INPUT DATA -
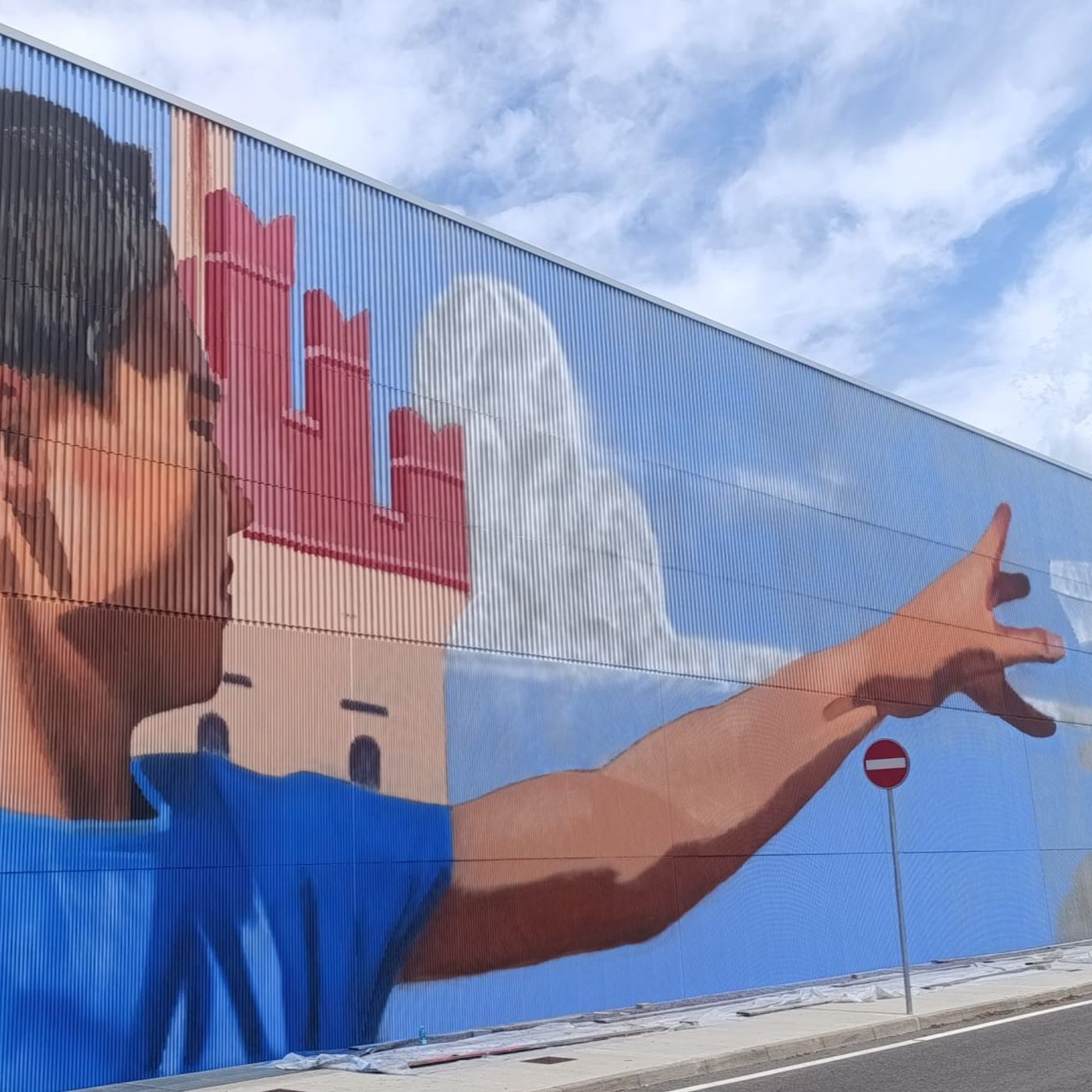 Svelato il mega-murale di Robert Vargas: il  sogno di Ferrarin ispirazione per i giovani episode artwork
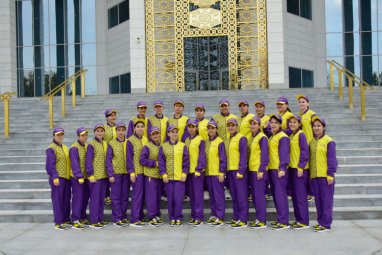 200 волонтеров из столичных вузов будут работать на международном хоккейном турнире в Ашхабаде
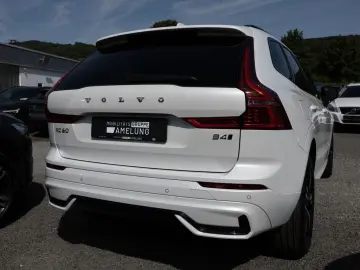 XC60 B4 AWD PDC SHZ KAMERA H/K NAVI LED PANO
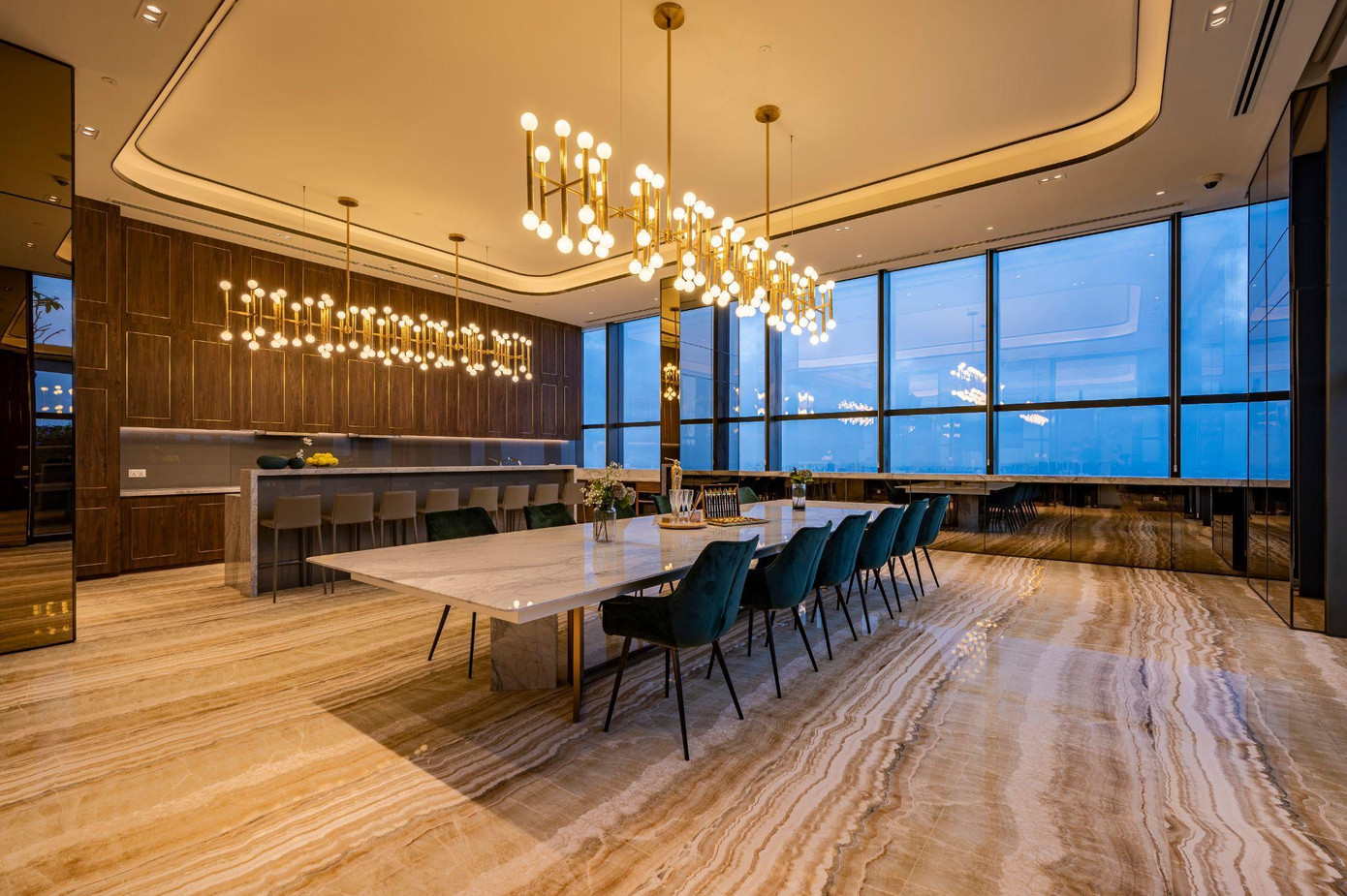 Phòng yến tiệc sang trọng là nơi gia chủ tận hưởng “private party” cho những dịp thương mại quan trọng.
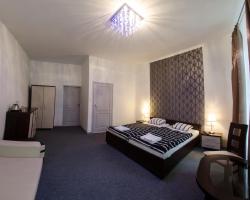 Brama Old City Rooms
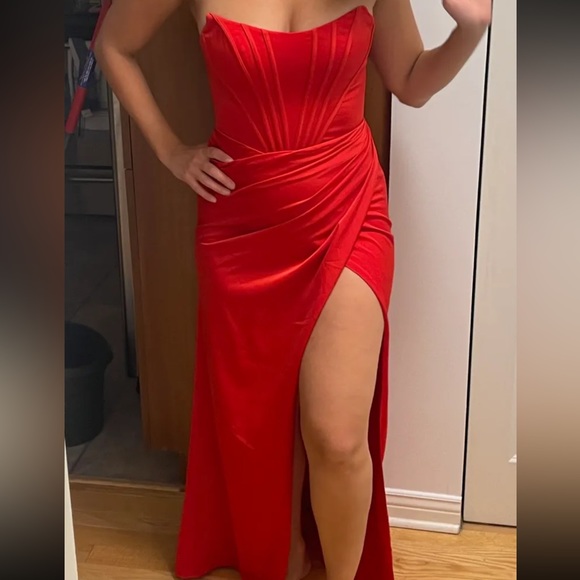 Long wedding red dress with slit and open back - Picture 4 of 9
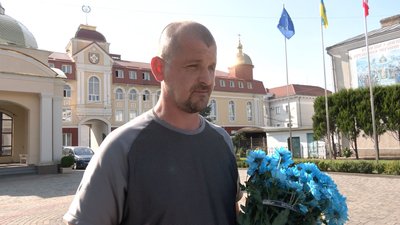 У Луцьку попрощалися з військовослужбовцем Михайлом Марчуком У Луцьку попрощалися з військовослужбовцем Михайлом Марчуком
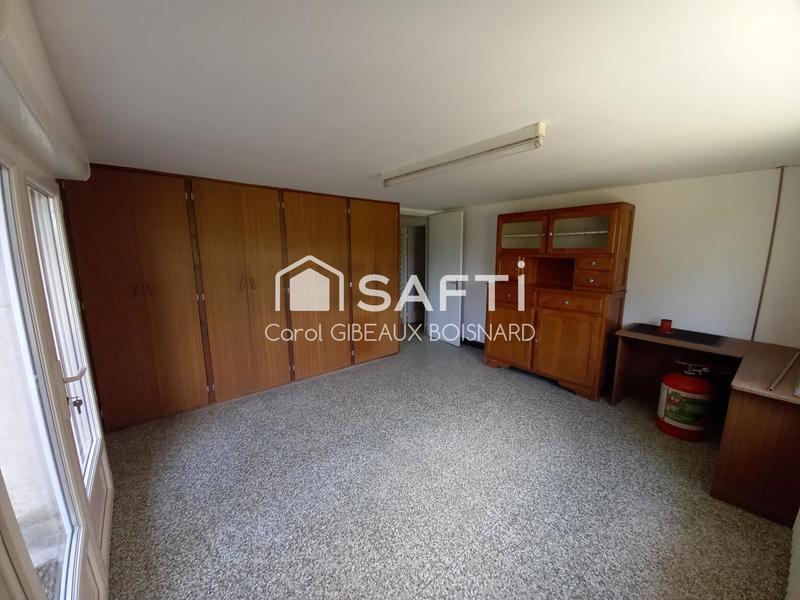 Maison - 200 m² - 9 pièces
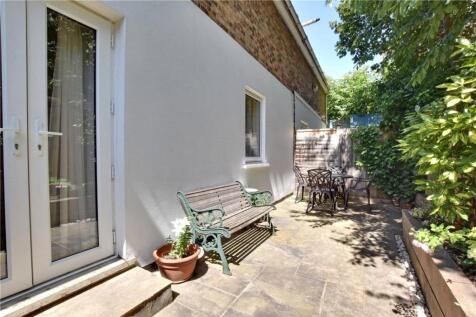 Robinscroft Mews, London, SE10 photo 3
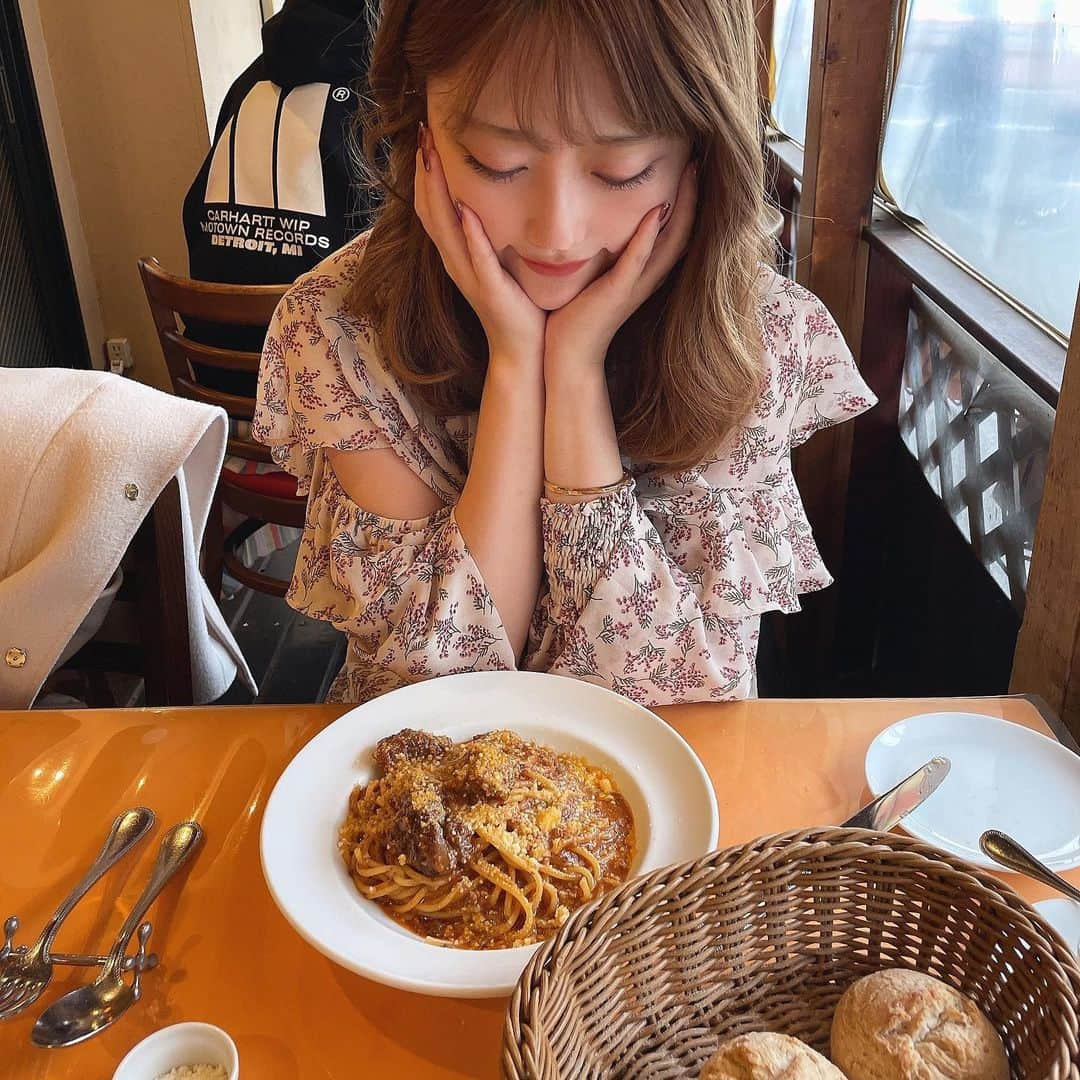 maari watanabe(まありん)さんのインスタグラム写真 - (maari watanabe(まありん)Instagram)「.*⑅︎୨୧┈︎┈︎┈︎┈︎┈︎┈︎┈┈︎┈︎┈︎┈︎┈︎୨୧⑅︎* .   🥇東京　代々木　trattoria Tanta Bocca ㅤㅤㅤㅤㅤㅤㅤㅤㅤㅤㅤㅤㅤ パスタランチ　¥1,000〜 ㅤㅤㅤㅤㅤㅤㅤㅤㅤㅤㅤㅤㅤ パスタも美味しいけど、 前菜が超絶品🥗  サラダが美味しすぎる✨ 燻製ホイップバターと一緒に食べるパンも美味しすぎる✨ ㅤㅤㅤㅤㅤㅤㅤㅤㅤㅤㅤㅤㅤ ここのランチは定期的に行きたくなる🚶‍♀️  燻製バター売って欲しいほど🥺 おすすめランチです✨ .*⑅︎୨୧┈︎┈︎┈︎┈︎┈︎┈︎┈┈︎┈︎┈︎┈︎┈︎୨୧⑅︎* .  #東京ランチ #代々木ランチ #新宿ランチ #trattoriaTantaBocca #代々木グルメ #新宿グルメ #japanesegirl #イタリアンランチ」1月17日 21時36分 - manyo_wt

TO DO -
Write out the records once more, exactly as they stand, with no images.

ANSWER SECTION -
 Svelato il mega-murale di Robert Vargas: il  sogno di Ferrarin ispirazione per i giovani episode artwork
 200 волонтеров из столичных вузов будут работать на международном хоккейном турнире в Ашхабаде
 XC60 B4 AWD PDC SHZ KAMERA H/K NAVI LED PANO
 Phòng yến tiệc sang trọng là nơi gia chủ tận hưởng “private party” cho những dịp thương mại quan trọng.
 Brama Old City Rooms
 Long wedding red dress with slit and open back - Picture 4 of 9
 У Луцьку попрощалися з військовослужбовцем Михайлом Марчуком У Луцьку попрощалися з військовослужбовцем Михайлом Марчуком
 Maison - 200 m² - 9 pièces
 Robinscroft Mews, London, SE10 photo 3
 maari watanabe(まありん)さんのインスタグラム写真 - (maari watanabe(まありん)Instagram)「.*⑅︎୨୧┈︎┈︎┈︎┈︎┈︎┈︎┈┈︎┈︎┈︎┈︎┈︎୨୧⑅︎* .   🥇東京　代々木　trattoria Tanta Bocca ㅤㅤㅤㅤㅤㅤㅤㅤㅤㅤㅤㅤㅤ パスタランチ　¥1,000〜 ㅤㅤㅤㅤㅤㅤㅤㅤㅤㅤㅤㅤㅤ パスタも美味しいけど、 前菜が超絶品🥗  サラダが美味しすぎる✨ 燻製ホイップバターと一緒に食べるパンも美味しすぎる✨ ㅤㅤㅤㅤㅤㅤㅤㅤㅤㅤㅤㅤㅤ ここのランチは定期的に行きたくなる🚶‍♀️  燻製バター売って欲しいほど🥺 おすすめランチです✨ .*⑅︎୨୧┈︎┈︎┈︎┈︎┈︎┈︎┈┈︎┈︎┈︎┈︎┈︎୨୧⑅︎* .  #東京ランチ #代々木ランチ #新宿ランチ #trattoriaTantaBocca #代々木グルメ #新宿グルメ #japanesegirl #イタリアンランチ」1月17日 21時36分 - manyo_wt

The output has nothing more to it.